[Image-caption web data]

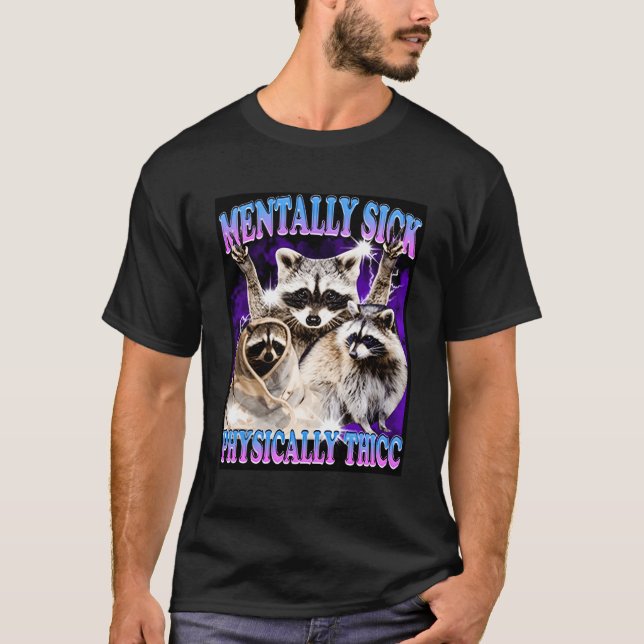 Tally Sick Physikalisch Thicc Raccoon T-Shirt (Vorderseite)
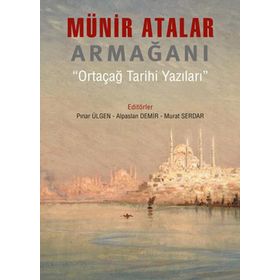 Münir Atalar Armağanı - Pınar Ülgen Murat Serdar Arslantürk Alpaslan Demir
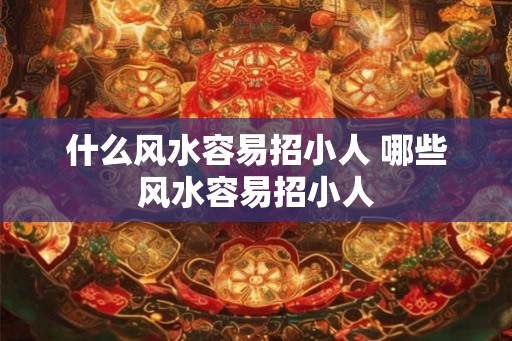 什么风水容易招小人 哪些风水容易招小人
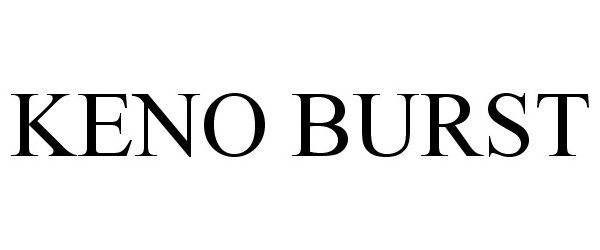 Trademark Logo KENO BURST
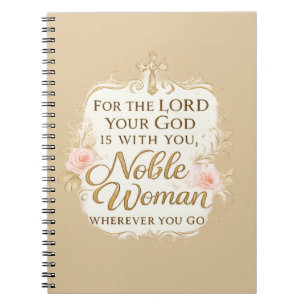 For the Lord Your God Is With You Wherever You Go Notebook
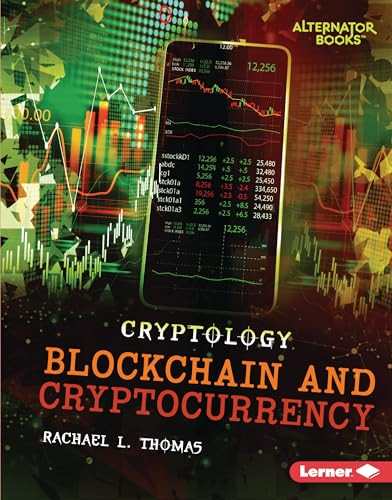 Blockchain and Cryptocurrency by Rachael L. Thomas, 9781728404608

What the exercise asks: The records shown above are to be repeated exactly, with the pictures left out.

Output:
 Tally Sick Physikalisch Thicc Raccoon T-Shirt (Vorderseite)
 Münir Atalar Armağanı - Pınar Ülgen Murat Serdar Arslantürk Alpaslan Demir
 什么风水容易招小人 哪些风水容易招小人
 Trademark Logo KENO BURST
 For the Lord Your God Is With You Wherever You Go Notebook
 Blockchain and Cryptocurrency by Rachael L. Thomas, 9781728404608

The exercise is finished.